Washington D.C. (PRWEB) January 29, 2013

By Eric Peters

New rules for mortgages good idea, still not a guarantee

A set of new guidelines for mortgages released Jan. 10 is going to go a long way to preventing another mortgage crisis like the one the nation just got out of. But, it’s not a guarantee that foreclosures won’t happen, said the partners at Apollo Financial Group, a distressed debt trading firm specializing in non performing residential mortgages.

Among the new guides from the Consumer Financial Protection Bureau are:

  • No interest-only loans
  • No undocumented mortgages
  • No loans in which the principal increases over time.
  • Mortgages will be limited to 30 years; no more loans running longer than that.

“These are good ideas, especially the rule on the increasing principal,” said Dean Anastos of Apollo. “When someone buys a home, they are making an investment. While the value of that investments should rise over time, the amount needed to pay that investment off should not increase.”

Mr. Anastos also saluted the ending of “interest only” loans. He said too many people have signed up for this kind of loan, thinking they were getting a rally good deal because of the low payments. But reality is they were not ever making payments on the principal.

“They were, and are unfortunately, doing little more than paying rent. They are not building equity,” he said.

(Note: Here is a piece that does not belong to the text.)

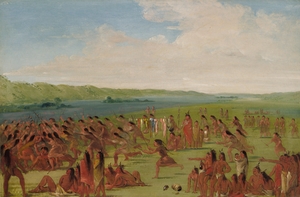Ball-Play of The Women Prairie Du Chien 1835-1836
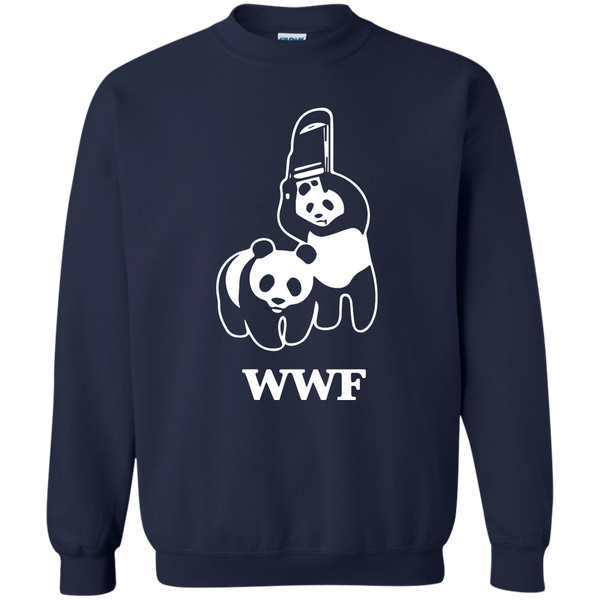 WWF Panda Bear Wrestling Parody Shirt, Hoodie, Tank - TeesGrab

The new guidelines also say lenders should look at the buyers ability to repay the mortgage and limit loans to 43 percent of the borrower’s monthly income.

“If mortgage companies had bother to look at incomes and the ability to repay the loan, we’d never have experienced the mortgage crisis. Instead, some companies saw a chance to make immediate profits and didn’t bother to consider long term results” said Dean Anastos.

Another idea out forth which both men like is the no minimum down payment to get a mortgage. They said this frees many people up to become homeowners.

“Look at this way. A lot of people have lived as renters for years and never missed a month’s rent payment. But asking them to come up with $20,000 to buy a $100,000 home, that may be be pushing them beyond what they can do,” Mr. Anastos said. “If the family has a good rental history, chances are good they’ll also be able to make mortgage payments, if that payment is close to their rent.”

Meanwhile, the mortgage industry is eagerly awaiting QRM (qualified residential mortgage) rules from the Federal Reserve. Mr. Brava , senior partner at Apollo, said he hopes the Fed takes a close look at the guidelines passed down from the Consumer Financial Protection Bureau. He said a number of the ideas will make good mortgage policy.